> [Materials provided]
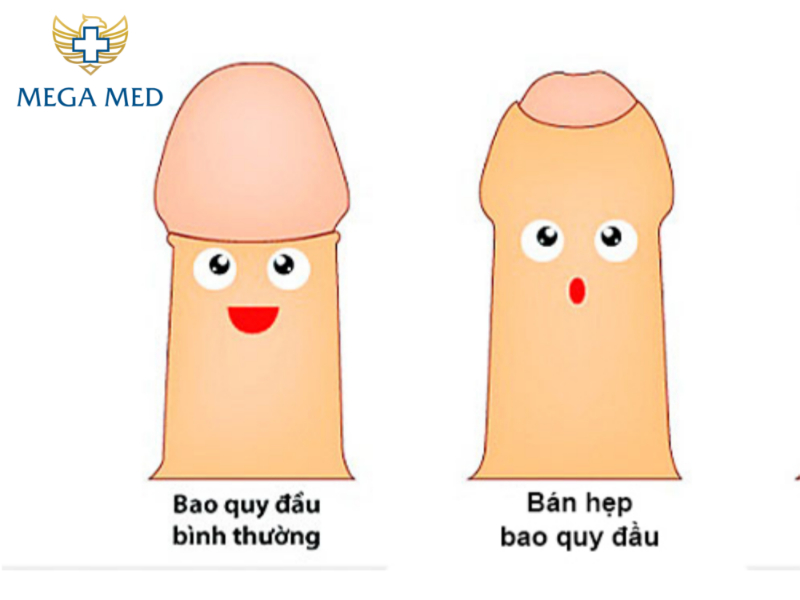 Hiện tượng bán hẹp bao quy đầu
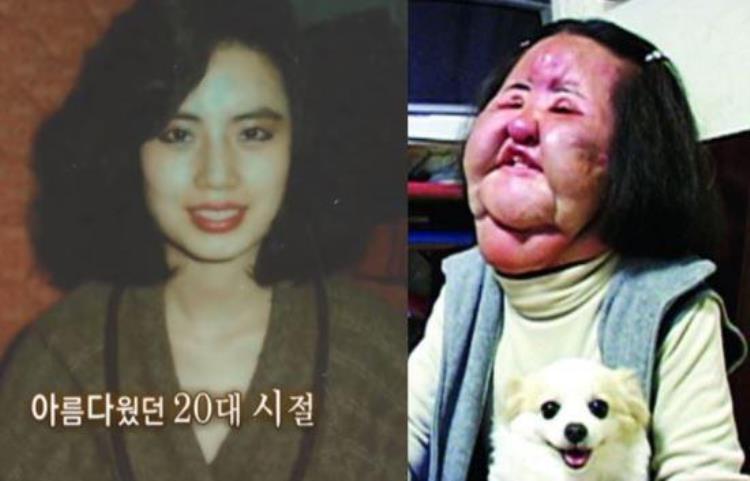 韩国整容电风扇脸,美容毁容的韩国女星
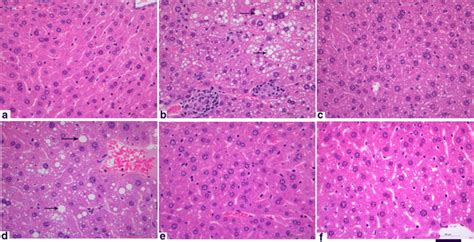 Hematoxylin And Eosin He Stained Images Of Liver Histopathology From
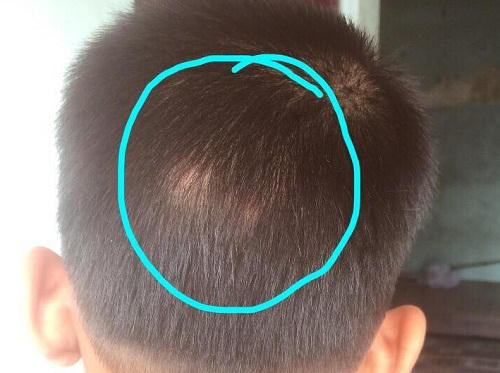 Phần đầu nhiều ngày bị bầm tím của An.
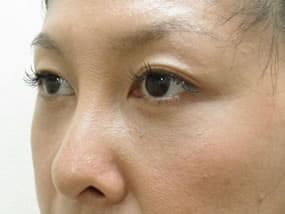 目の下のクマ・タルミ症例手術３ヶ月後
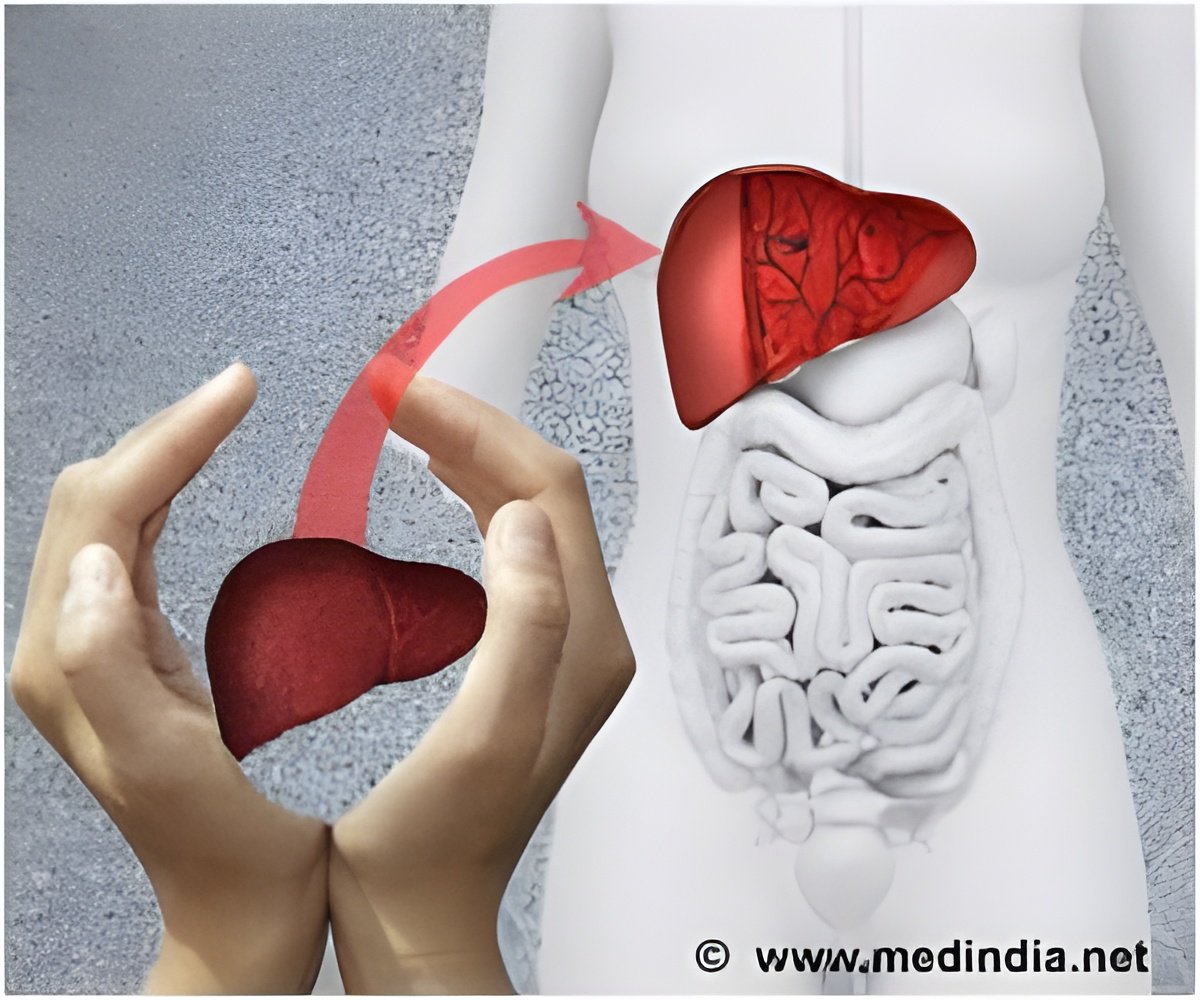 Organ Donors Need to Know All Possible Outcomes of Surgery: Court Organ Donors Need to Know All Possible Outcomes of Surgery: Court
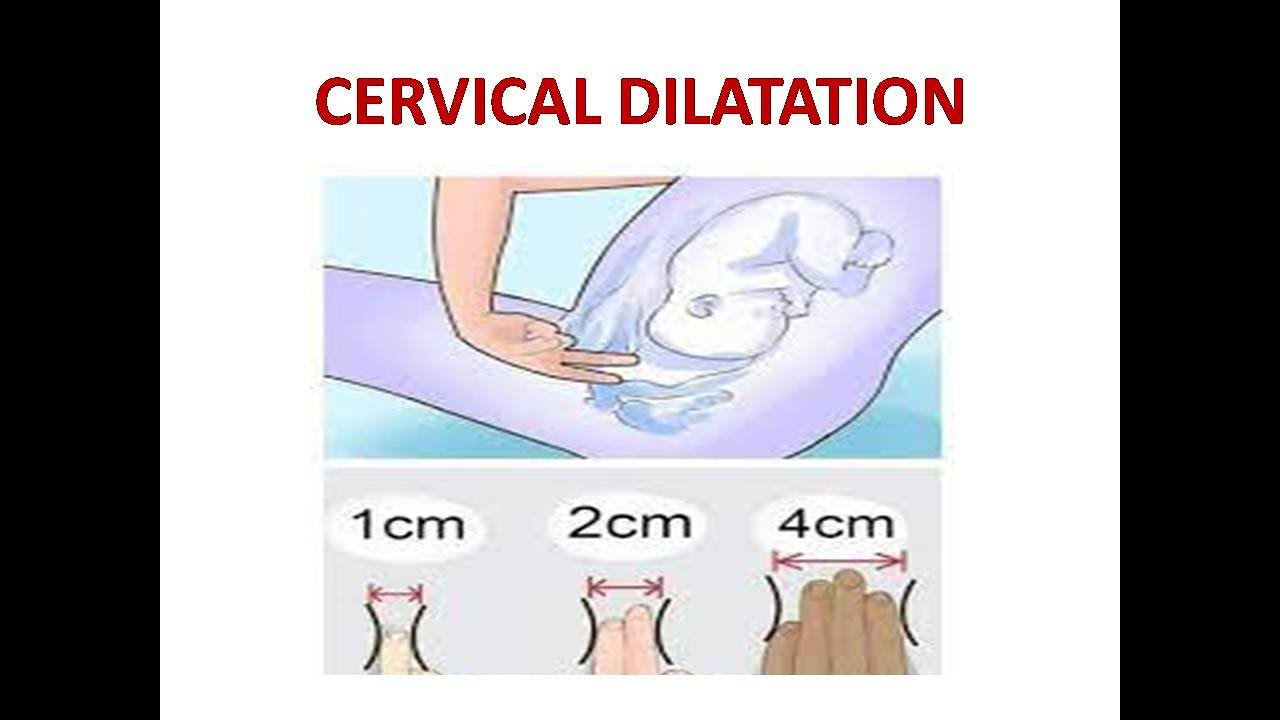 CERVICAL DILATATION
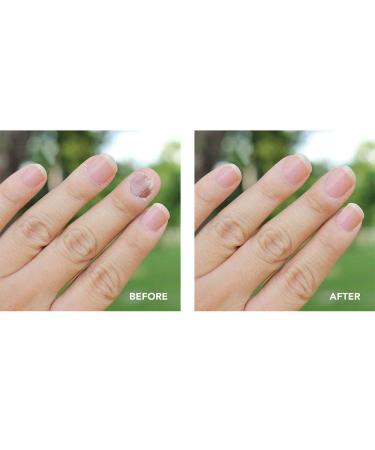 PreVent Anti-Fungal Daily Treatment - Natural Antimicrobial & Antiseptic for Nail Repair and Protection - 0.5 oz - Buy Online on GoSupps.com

> [What to do] Copy out all the entries precisely. No images.

> [Answer space]
 Hiện tượng bán hẹp bao quy đầu
 韩国整容电风扇脸,美容毁容的韩国女星
 Hematoxylin And Eosin He Stained Images Of Liver Histopathology From
 Phần đầu nhiều ngày bị bầm tím của An.
 目の下のクマ・タルミ症例手術３ヶ月後
 Organ Donors Need to Know All Possible Outcomes of Surgery: Court Organ Donors Need to Know All Possible Outcomes of Surgery: Court
 CERVICAL DILATATION
 PreVent Anti-Fungal Daily Treatment - Natural Antimicrobial & Antiseptic for Nail Repair and Protection - 0.5 oz - Buy Online on GoSupps.com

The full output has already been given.